SUPPLIED INFORMATION:
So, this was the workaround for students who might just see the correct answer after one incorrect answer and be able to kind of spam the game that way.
==
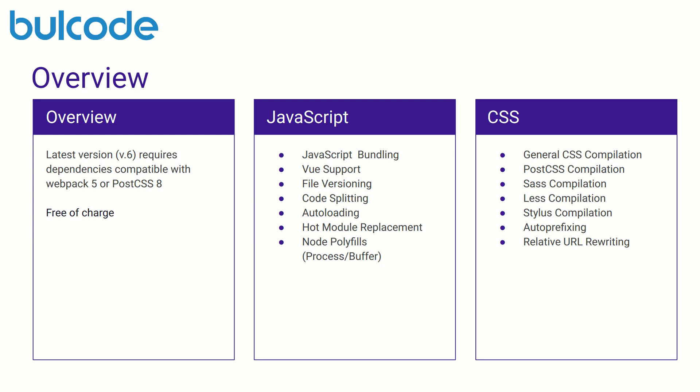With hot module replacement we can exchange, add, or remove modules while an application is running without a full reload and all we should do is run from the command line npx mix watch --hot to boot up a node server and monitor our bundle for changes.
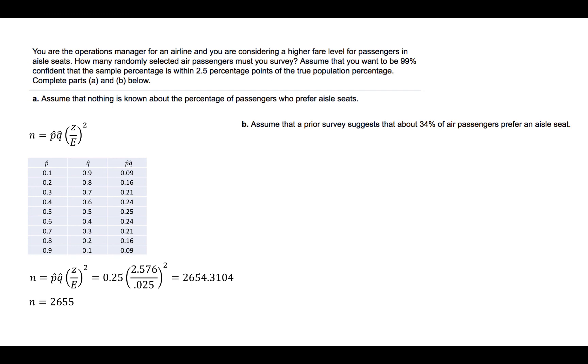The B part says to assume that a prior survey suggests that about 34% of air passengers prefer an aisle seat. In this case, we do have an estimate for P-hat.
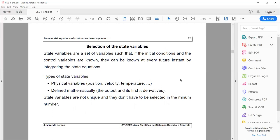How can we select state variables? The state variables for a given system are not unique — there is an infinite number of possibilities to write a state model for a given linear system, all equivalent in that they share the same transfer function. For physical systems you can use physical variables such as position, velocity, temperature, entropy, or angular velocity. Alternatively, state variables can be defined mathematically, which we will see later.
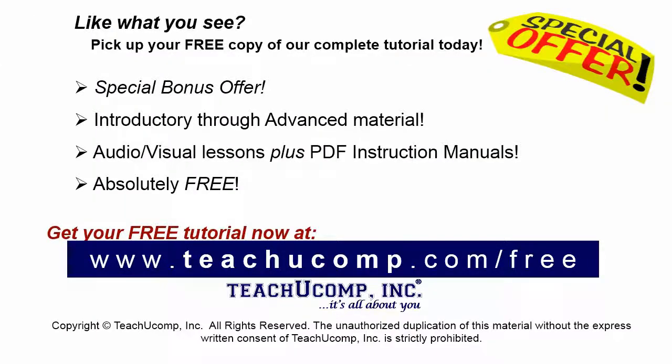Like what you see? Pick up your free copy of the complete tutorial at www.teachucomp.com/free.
--
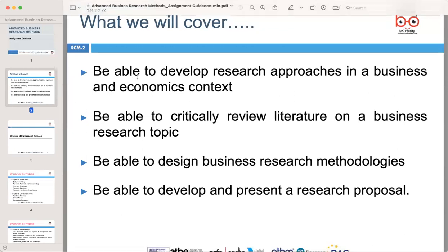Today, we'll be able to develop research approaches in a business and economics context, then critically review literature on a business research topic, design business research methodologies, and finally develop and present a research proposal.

TASK DIRECTIONS:
Quote word for word only the lines above from the one containing "With hot module" through the one containing "The B part says". Pictures stay out of your copy.

SOLUTION BELOW:
With hot module replacement we can exchange, add, or remove modules while an application is running without a full reload and all we should do is run from the command line npx mix watch --hot to boot up a node server and monitor our bundle for changes.
The B part says to assume that a prior survey suggests that about 34% of air passengers prefer an aisle seat. In this case, we do have an estimate for P-hat.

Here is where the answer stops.